Y nunca reino alguno había sido tan glorioso ni tan feliz; para que sus más miserables súbditos estuviesen contentos de su suerte, para que no hubiese desesperación, ni cólera, ni revueltas, bastaba al nuevo amo hacer escuchar algunas de sus melodías.
Se comprendió que la corona, el cetro, los palacios llenos de cortesanos no eran más que débiles recompensan por un mérito semejante. De aquél al que se le había hecho emperador, se le hizo dios; le dedicaron templos de alabastro y porfiria, siempre llenos de inciensos y orantes arrodillados; había en ellos, pintadas sobre las paredes y encima de todos los altares, imágenes del organillo al que se adoraba. ¿Qué hombre conoció nunca tal gloria?
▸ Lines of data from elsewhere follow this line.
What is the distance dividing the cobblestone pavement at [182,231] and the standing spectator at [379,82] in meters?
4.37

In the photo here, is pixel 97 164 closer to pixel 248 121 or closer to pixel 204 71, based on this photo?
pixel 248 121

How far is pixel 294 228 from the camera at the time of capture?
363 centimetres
Y, con tantos triunfos, él estaba alegre y poseía la dicha incomparable de hacerse tocar para él solo una música que lo hacia llorar de delicia.
–¡Ah! ¡ya está bien! – se dijo Puck – ya hace mucho tiempo que estoy en esta caja y comienzo a aburrirme.
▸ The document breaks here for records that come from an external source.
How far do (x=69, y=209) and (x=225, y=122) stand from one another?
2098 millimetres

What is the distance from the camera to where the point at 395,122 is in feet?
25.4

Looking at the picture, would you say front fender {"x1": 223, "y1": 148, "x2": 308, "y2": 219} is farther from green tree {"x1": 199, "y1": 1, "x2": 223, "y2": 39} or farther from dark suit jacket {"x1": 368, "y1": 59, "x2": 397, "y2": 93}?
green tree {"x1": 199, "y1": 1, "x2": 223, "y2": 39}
Echó un vistazo al exterior, y, viendo que las abejas ya no estaban, se marchó ajugar al lindero del bosque cerca de Atenas, con el Sr. Flor de los Guisantes y el Sr. Tela de Araña.

IV

¡Toda la ciudad prorrumpió en carcajadas! ¿De la música? Digamos que un jaleo que espantaría a los osos bailarines. Jamás estrépito tan discordante había desgarrado los oídos. No se podía soportar. ¡Y no se soportó! Se expulsó al dios de los templos, al emperador de sus palacios. ¡Fi! ¡fi! ¡fuera de aquí! ¡fuera de aquí. Y las servidumbres de las cocinas, para burlarse del desdichado, le perseguían blandiendo y haciendo sonar unas cacerolas.
Él esperó encontrar una mejor acogida en casa de las marquesas y condesas que se extasiaban antes detrás de sus abanicos; pero, desde las primeras notas: «¡Oh! ¡oh! ¿qué significaba eso? En cuanto a mí, pienso que se ha dejado entrar en la casa a todos los gatos del país.» Luego, los criados lo empujaron a la calle, no sin haberle roto sus bonitos vestidos y robado el dinero que tenía en los bolsillos.
Desesperado, volvió a los pueblos donde antaño se le habían arrojado unos centavos, donde las muchachas se agrupaban al paso de las puertas, en el éxtasis de escucharle. Apenas comenzaba a tocar cuando las campesinas huían tapándose los oídos; ¡fueron piedras lo que le arrojaron! Entonces comprendió que habían acabado todas las glorias y todas las dichas. Se dejó caer al borde del camino, harapiento, tiñoso como en los tiempos de las antiguas miserias, sin otra esperanza que la muerte, tanto o más triste que, si empujaba la manivela del organillo, emanaba del instrumento un agrio ruido que incluso a él mismo lo deprimía.
Y contando este cuento, he pensado en los poetas tiernos o sublimes, durante mucho tiempo inspirados,, porque ellos tuvieron un amor en su alma, en los poetas gloriosos, casi dioses, que ahora languidecen, solos, sin sueños, en el olvido, y no pueden siquiera extraer de su corazón ni un lamento consolador, – de su corazón roto, ajado, estropeado, de donde las bellas músicas, junto con el amor, levantaron el vuelo.